Nach dem unsanften Wecken und Filzen durch den Dschungel-Drill-Instructor durften die Bewohner mit dem Helikopter endlich den Weg ins Camp antreten. Anschließend wartete ein sechs Kilometer langer Fußmarsch auf die Promis. Dort wurde zu allererst Vincent Raven (45) die Ehre zuteil, den Teamchef zu geben - zu seiner ersten Amtsaufgabe gehörte es, Micaela Schäfer (28) in die erste Dschungelprüfung zu schicken: Die Urwaldklinik wartete darauf, das barbusige Erotikmodel auf Herz und Nieren durchzuchecken und damit sie die unangenehme Prozedur nicht allein durchstehen musste, entschied sie sich für Rocco Stark (25) als ihren muskulösen Begleiter. „Alle denken, dass ich als Model zimperlich bin und nichts auf die Reihe bekomme. Ich werde allerdings jetzt beweisen, dass es klappt!", waren ihre tapferen Worte und tatsächlich meisterten beide alle Stationen bravourös und holten so ganze elf Sterne!

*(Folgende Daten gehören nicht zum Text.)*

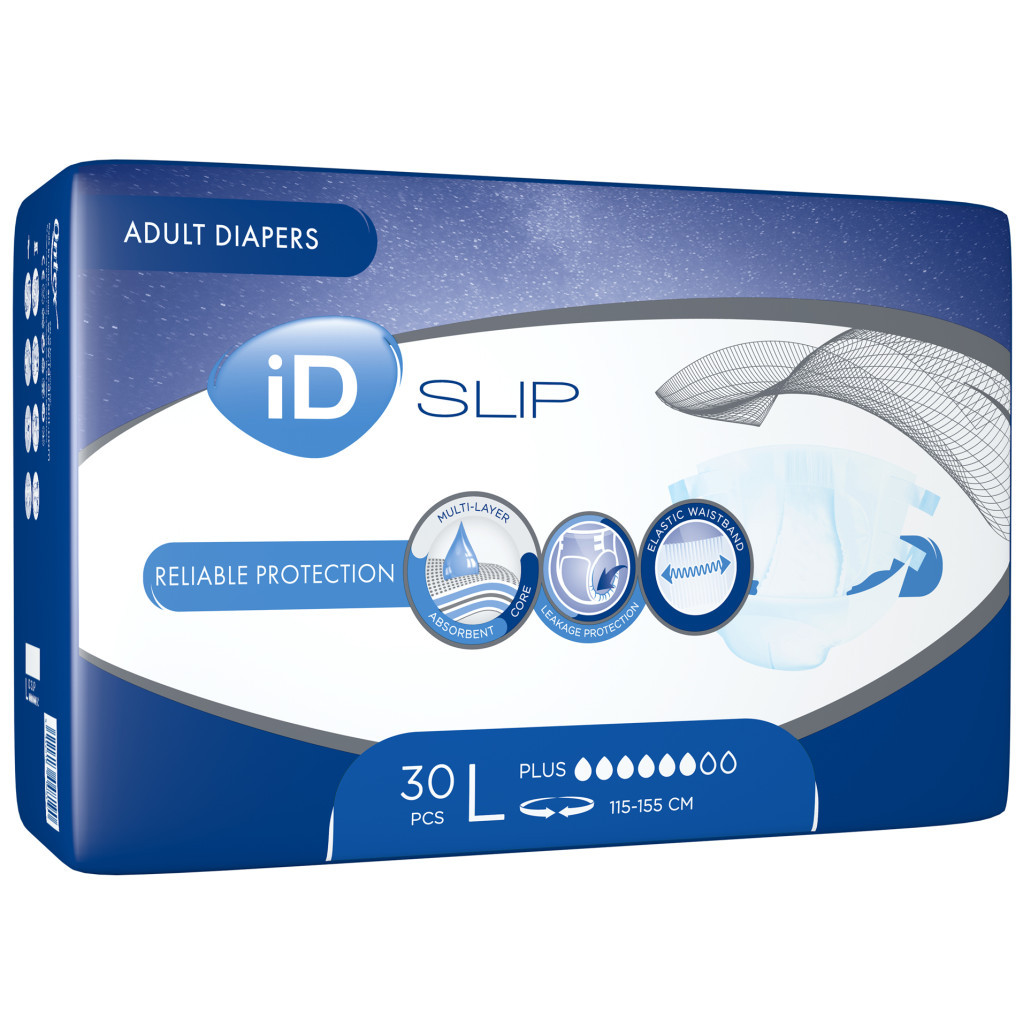 Підгузки для дорослих ID Slip Plus Large талія115-155 см. 30 шт. (5411416048190) - зображення 2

Zur Belohnung gab es lobende Worte von den Mitbewohnern und ein wohlverdientes Bad im Dschungel-Pool. Dabei kamen sich Rocco und Micaela schon ziemlich nahe, sodass man beinahe spekulieren könnte, dass die zwei sich im Camp ziemlich gut verstehen könnten... Jedenfalls kann man schon jetzt sagen, dass Model Micaela definitiv keine Angst vor den Dschungelprüfungen hat und wir können gespannt sein, ob sie daher in den kommenden Tagen in der Gunst der Zuschauer steigen wird! Morgen jedenfalls muss erst einmal Kim Debkowski (19) in die Dschungelprüfung.


----------



## beachkini (14 Jan. 2012)

Wie schreibt bild so schön: "400 000 Mehlwürmer, 250 Kakerlaken, 20 Liter Schleim, Emu-Blut & Heuschrecke Dschungel-Micaela schluckt alles!
... na ja, fast" 

hätte ich ihr nicht zugetraut und war schon überrascht. der andere typ hatte sogar fast spaß daran


----------



## syd67 (14 Jan. 2012)

beachkini schrieb:


> Wie schreibt bild so schön: "400 000 Mehlwürmer, 250 Kakerlaken, 20 Liter Schleim, Emu-Blut & Heuschrecke Dschungel-Micaela schluckt alles!
> ... na ja, fast"
> 
> hätte ich ihr nicht zugetraut und war schon überrascht. der andere typ hatte sogar fast spaß daran



mehlwuermer und cockroaches keimfrei aus dem labor
aber sie zeigt sie waere ueberlebensfaehig bei uns
warten wir auf die wichity crabs die dicken maaden die die abus aus den rinden kratzen


----------



## spunk88888 (14 Jan. 2012)

Hehe, lustig wars ja


----------



## syd67 (14 Jan. 2012)

my apologise to micaela!
hab in nen anderen beitrag ein foto gesehen wo sie eine isst!!!
richtig gemacht micaela,erst den kopf abbeissen dann den rest essen
uebrigens schmecken die wirklich etwas nach huhn
ALSO MICAELA DU BIST OZ TAUGLICH!!!
DARFST BEI MIR EINZIEHEN,DEN GANZEN TAG NACKT RUMLAUFEN,
NUR DIE KLAPPE HALTEN


----------



## krawutz (15 Jan. 2012)

Und dann Kim Dingens ! Hoffentlich kommen nicht noch mehr solche ... (für den Gebrauch dieses Ausdrucks wäre ich vlt. gesperrt worden).


----------